If Americans know any of the work of one of Australia’s premier poets, Judith Wright, they are likely to know “Drought Year.” The main reason is the poem’s inclusion in the popular American collection The Norton Anthology of Modern Poetry (1988). “Drought Year” is among Wright’s most distinctively Australian poems because of its use of plants, animals, and sites specific to Australia. As such, the poem serves as an excellent introduction to not only the work of Wright, but modern poetry from the “land down under.”

“Drought Year” is from Wright’s third volume of poetry, The Gateway (1953). The poem’s narrator finds herself witness to a drought in the Australian outback, a witnessing that becomes a warning, one repeatedly punctuated by the cries of dingoes, wild dogs indigenous to Australia. Wright represents the drought as nature, powerful and intimidating, a nature to be avoided. At the same time, the animals and plants subject to the drought represent another side of nature: nature as victim—except, that is, the poem’s wagtail, an Australian bird taking advantage of the drought’s killing fields by pecking out the eyes in a “seething skull.” While Wright’s drought is, in no uncertain terms, a hellish matter, the multiple kinds of nature she portrays (frightful drought, tormented animals, opportunistic wagtail) renders nature too complex to easily sum up.

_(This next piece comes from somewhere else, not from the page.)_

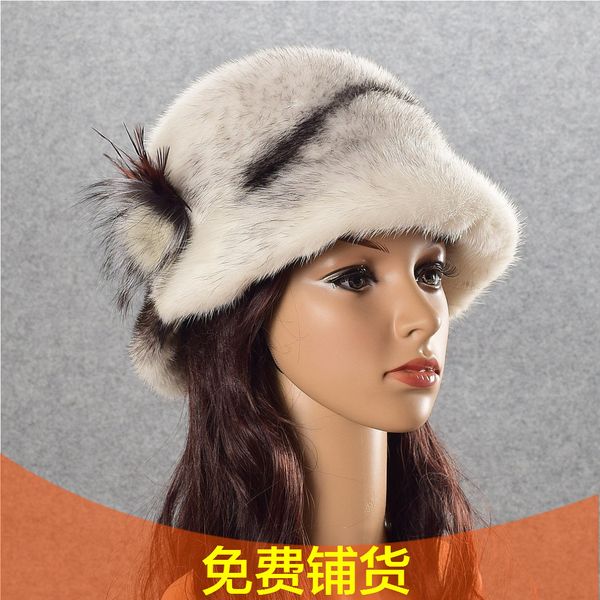 

new style elegant mink and fox fur hat fashion ear cap, Blue;gray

This is most likely the reason Wright selected the dingoes’ enigmatic cries as the poem’s recurrent and eerie motif.

Drought Year Summary

Lines 1-4: These lines depict the drought-benighted landscape. “Embered” and “burned” vividly describe the hot, dry air. The word “bear” in line three can be read in at least two ways: 1) the lime-scrub cannot bear the heat or 2) the lime-scrub cannot bear fruit. “Lime” suggests a certain tartness, which contributes well to the dry scene, and the “Mooni” of dried-up Mooni Creek brings to mind a picture of a waterless moon, a desert landscape where every year is a drought year.

Line 5: The “dingoes’ cry” gives the drought conditions a sense of mystery. Since most Americans have probably never heard a dingo’s “cry,” an American’s likely response is, therefore, to think of a coyote, wolf, or dog’s cry instead of a dingo’s. Similar in character or not, America’s canines can be said to have a strange cry, almost like human wailing. Perhaps then, the association of an Australian dog with its American cousins is not wholly mistaken.